Lessons Learned from Mechademia 2016

Mechademia PosterWell, back to the grind after a crazy week of Asian pop culture madness. Mechademia was a lot of fun, and the weekend felt like such a whirlwind! Hard to believe it came and went. Here are some general reflections on the conference.

  • This year’s theme was “worldbuilding,” and the papers of the conference took unique approaches to the concept. From Leticia Andlauer‘s  ruminations on otome gemu and the ways that fans in France build their own worlds through avatar creation and imagined romance to artist/engineer Yuzuru Nakagawa‘s engagement with theories by Otsuka Eiji and Ito Go and his proposal for a new theory of animation from the artist’s perspective that embraces the technical necessity of realistic backdrops to support symbolic characters; it seemed that “worldbuilding” manifested in many surprising ways. Sean C. Hill asked us to interpret the world of Haruhi Suzumiya through a Jungian lens, radically changing the way we perceive the characters and the protagonist’s mind, while Cindi Textor sutured the global and the local in her exploration of the Korean animation Wonderful Days. The keynote lecture by Mark J. P. Wolf titled “Building a Better World: Utopias, Dystopias, and Imagined Futures” explored the history of visual representations of utopia and dystopia, and the potentiality of applying visionary thinking often found in movies and games to real world problems. Rather than remaining in the realm of textual analysis, Wolf challenged us to think beyond the fictional world to the real life applicability of invention and design.
  • In some ways, the conference represented an interdisciplinary crashing of worlds! It made concrete the fact that scholars and students who work on popular culture hail from many fields, and the study of these objects and communities cannot be bounded within a single disciplinary framework. We saw scholars from Asian Studies, Game Studies, English & Comparative Lit, Sociology, Communications, Psychology, Art and Art History, Media Studies, Film Studies, etc. On the one hand, this is liberating! On the other, it makes me realize that we have a lot of work to do to make our ideas truly relatable across disciplinary lines. At these kinds of conferences, it becomes crucial for each of us to do the rhetorical work necessary to make our ideas accessible, and I realize that everyone (including myself) has a way to go before hitting that sweet note.
  • Every conference should have a creative element. I think this is a real strength of Mechademia. Perhaps it is working in a combined Art/Art History department, but I am always thinking about how much I have to learn from my studio colleagues. The conference combined traditional academic panels with creative workshops (on digital painting, cosplay, etc), anime screenings, short film screenings, and a fashion show; and the synergy was something to behold. I think bearing witness to the creative process allows us to reflect back at our own scholarship as a creative act.
  • This was my first time live-tweeting an entire conference. I learned a lot through the process of doing it (although I still have a lot to learn from @racgonz, who introduced me to the idea). But it was a fun process to record the ephemerality of a conference and your evolving thoughts throughout the weekend. Somehow, it kept me on my toes as I thought through my questions for each panelist.

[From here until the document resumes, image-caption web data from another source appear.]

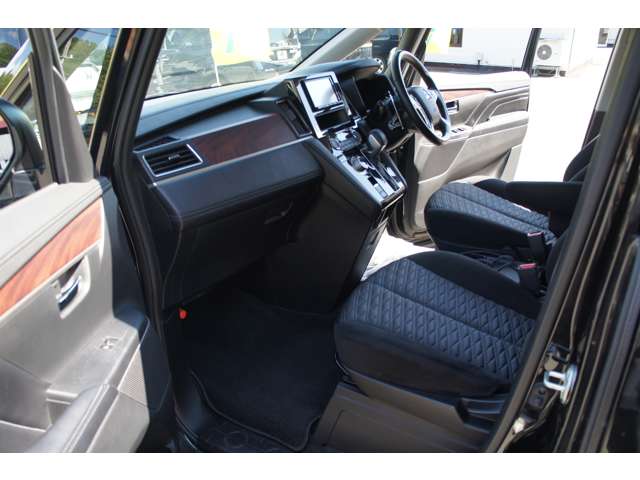 三菱 デリカ　Ｄ：５ ２．２ Ｇ パワーパッケージ ディーゼルターボ ４ＷＤ R2年 (東北) 99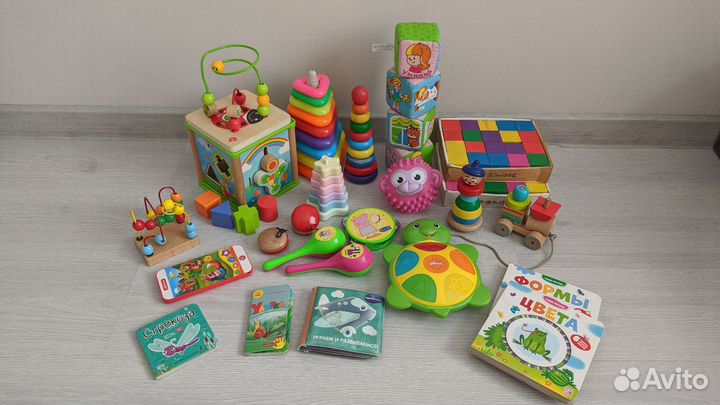 Развивающие игрушки для малышей пакетом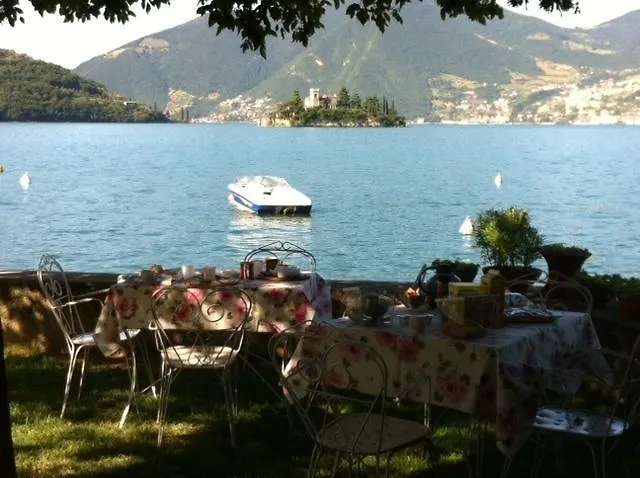 Bed And Breakfast La Casa Sul Lago Marone Bed & Breakfast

So that wraps up an action-packed weekend! I still feel like I need more feedback to recognize some of the shortcomings of my argument about Street Fighter II and Samurai Spirits, so I will be looking for a new venue to field some other aspects of the project. Slowly, my ideas are materializing…

Gender and Race in Street Fighter II and Samurai Shodown: Presentation at Mechademia

I am continuing my journey down the rabbit hole of Japanese arcade fighting games with a presentation at Mechademia: Conference on Asian Popular Cultures at the Minneapolis College of Art and Design. The program is forthcoming, but I will be presenting “Fighting Stereotypes: Reimagining Gender and Race in Street Fighter II (1991) and Samurai Shodown (1993)” on September 25th. Our panel is on the Global and Local, and runs from 10-12pm.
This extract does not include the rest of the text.